Un entretien avec Héloïse Gaillard se mérite! Après un premier contact indirect et un petit jeu de piste au mois de septembre au Château de Versailles où elle venait d’enchaîner plusieurs concerts dans la même journée, c’est finalement dans un café parisien assez proche du Louvre que nous la retrouvons quelque temps plus tard pour parler notamment de son ensemble Amarillis fondé voilà maintenant vingt ans! Hautboïste mais également flûtiste, chambriste et aussi musicienne du rang dans plusieurs ensembles connus (au premier rang desquels Le Concert Spirituel d’Hervé Niquet), Héloïse Gaillard développe également ses activités de chercheuse, composant avec finesse les programmes d’Amarillis aux côtés de la claveciniste Violaine Cochard. A l’occasion de la sortie d’un album consacré à Rameau, entretien avec une jeune femme passionnée comme au premier jour…

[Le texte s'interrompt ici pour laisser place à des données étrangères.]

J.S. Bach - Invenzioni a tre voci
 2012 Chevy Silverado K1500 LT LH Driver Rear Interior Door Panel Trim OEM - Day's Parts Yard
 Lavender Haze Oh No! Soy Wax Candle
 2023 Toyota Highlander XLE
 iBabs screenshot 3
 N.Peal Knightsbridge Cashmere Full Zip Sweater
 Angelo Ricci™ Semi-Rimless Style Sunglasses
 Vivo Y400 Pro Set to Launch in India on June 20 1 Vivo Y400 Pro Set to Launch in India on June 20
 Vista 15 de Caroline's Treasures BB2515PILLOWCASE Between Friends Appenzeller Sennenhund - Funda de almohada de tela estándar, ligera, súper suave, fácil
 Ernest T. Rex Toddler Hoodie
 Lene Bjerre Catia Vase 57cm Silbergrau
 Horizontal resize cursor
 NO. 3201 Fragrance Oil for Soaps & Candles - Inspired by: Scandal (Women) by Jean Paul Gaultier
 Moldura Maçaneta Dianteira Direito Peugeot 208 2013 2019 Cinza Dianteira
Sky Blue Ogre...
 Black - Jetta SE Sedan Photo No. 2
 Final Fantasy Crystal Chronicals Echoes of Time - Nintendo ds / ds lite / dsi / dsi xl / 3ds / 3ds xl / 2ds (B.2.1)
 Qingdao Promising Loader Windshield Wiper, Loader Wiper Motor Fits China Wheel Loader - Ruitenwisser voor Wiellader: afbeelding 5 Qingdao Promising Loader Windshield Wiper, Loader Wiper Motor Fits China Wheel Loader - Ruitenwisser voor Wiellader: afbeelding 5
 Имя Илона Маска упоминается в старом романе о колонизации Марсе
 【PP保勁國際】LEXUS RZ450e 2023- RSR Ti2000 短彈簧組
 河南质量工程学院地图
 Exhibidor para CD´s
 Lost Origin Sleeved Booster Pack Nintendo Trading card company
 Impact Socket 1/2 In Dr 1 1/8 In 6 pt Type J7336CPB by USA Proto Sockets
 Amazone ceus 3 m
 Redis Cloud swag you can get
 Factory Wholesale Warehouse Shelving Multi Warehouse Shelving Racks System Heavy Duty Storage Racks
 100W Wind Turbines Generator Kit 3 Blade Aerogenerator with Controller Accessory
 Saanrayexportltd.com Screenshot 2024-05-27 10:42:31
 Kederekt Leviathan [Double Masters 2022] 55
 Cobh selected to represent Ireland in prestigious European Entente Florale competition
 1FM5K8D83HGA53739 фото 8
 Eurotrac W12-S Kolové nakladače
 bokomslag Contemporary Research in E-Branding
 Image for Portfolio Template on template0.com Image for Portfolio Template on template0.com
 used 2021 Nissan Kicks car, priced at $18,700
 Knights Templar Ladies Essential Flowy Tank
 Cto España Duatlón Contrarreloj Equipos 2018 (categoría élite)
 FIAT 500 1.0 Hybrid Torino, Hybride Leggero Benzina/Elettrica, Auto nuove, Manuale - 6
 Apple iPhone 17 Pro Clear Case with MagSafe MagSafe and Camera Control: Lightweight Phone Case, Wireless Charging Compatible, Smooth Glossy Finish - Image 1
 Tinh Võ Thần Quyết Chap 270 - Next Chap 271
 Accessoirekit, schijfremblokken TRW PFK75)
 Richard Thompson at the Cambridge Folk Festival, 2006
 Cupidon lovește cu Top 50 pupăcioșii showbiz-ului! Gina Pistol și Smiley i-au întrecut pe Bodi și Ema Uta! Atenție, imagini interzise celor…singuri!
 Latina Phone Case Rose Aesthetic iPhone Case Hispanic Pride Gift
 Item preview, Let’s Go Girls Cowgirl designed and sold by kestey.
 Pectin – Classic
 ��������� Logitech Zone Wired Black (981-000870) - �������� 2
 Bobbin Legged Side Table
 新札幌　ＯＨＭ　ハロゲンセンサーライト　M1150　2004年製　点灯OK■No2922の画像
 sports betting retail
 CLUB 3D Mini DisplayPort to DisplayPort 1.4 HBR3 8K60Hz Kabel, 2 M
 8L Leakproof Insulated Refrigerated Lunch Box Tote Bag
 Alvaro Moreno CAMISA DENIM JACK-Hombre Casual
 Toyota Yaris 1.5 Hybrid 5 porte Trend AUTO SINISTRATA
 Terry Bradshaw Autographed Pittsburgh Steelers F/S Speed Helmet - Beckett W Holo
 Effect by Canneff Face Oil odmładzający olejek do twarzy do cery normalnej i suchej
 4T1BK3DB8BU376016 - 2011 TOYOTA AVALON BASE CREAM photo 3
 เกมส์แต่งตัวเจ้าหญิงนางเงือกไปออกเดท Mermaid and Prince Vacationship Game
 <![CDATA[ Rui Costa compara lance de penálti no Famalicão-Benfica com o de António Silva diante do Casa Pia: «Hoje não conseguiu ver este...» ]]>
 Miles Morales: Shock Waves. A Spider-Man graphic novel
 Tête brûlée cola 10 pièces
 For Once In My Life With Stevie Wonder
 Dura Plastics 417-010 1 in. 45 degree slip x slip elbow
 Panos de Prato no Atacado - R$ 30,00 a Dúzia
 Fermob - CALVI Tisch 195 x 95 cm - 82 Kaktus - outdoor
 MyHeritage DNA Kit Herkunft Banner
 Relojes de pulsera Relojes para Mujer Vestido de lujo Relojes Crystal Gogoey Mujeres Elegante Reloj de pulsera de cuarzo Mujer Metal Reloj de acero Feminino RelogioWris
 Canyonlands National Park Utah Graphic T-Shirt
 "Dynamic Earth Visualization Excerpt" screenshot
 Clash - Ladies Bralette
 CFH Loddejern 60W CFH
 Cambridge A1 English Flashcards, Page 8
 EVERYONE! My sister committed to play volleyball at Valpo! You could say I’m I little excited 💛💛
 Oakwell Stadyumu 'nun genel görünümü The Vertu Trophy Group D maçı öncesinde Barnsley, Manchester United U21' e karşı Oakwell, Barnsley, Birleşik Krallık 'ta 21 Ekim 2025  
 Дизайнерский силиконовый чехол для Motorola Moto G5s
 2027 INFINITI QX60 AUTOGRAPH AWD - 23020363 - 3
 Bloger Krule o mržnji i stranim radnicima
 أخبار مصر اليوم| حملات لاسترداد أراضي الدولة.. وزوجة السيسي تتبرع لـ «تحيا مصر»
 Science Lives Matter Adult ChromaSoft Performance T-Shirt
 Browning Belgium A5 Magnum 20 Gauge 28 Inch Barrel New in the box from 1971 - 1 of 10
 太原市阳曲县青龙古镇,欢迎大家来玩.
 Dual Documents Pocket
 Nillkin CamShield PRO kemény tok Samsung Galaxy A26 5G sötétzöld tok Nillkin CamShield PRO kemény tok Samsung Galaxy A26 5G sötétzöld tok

H. Gaillard (© M. Lombard)


L’ensemble Amarillis a 20 ans cette année. Si l’on se penche sur son berceau, on s’aperçoit que les premiers responsables de cet ensemble, ce sont en fait vos parents puisqu’à la base, dans Amarillis, il y a Héloïse mais aussi Ophélie Gaillard! Le fait d’être deux sœurs, l’une violoncelliste, l’autre flûtiste et hautboïste, est-ce que cela vous pousse inéluctablement à faire de la musique ensemble?
C’est vrai que tout cela allait de soi. Je suis l’aînée, j’ai très vite choisi de faire des instruments «de dessus»: j’ai d’ailleurs commencé au conservatoire de Verrières-le-Buisson, petite ville connue pour avoir été le lieu de résidence de Louise de Vilmorin et pour être également la ville où est enterré André Malraux. J’ai donc étudié la flûte et le hautbois avec Jean-Pierre Nicolas, qui y a créé un département de musique ancienne où il a appelé d’autres enseignants, comme Pierre Hantaï par exemple. Et lorsqu’Ophélie a commencé d’étudier le violoncelle, elle est naturellement venue dans ce département pour assurer notamment la basse continue pour plusieurs musiciens; j’avais donc la chance d’avoir en quelque sorte une accompagnatrice à domicile, ce qui nous a évidemment conduit à faire beaucoup de musique de chambre ensemble.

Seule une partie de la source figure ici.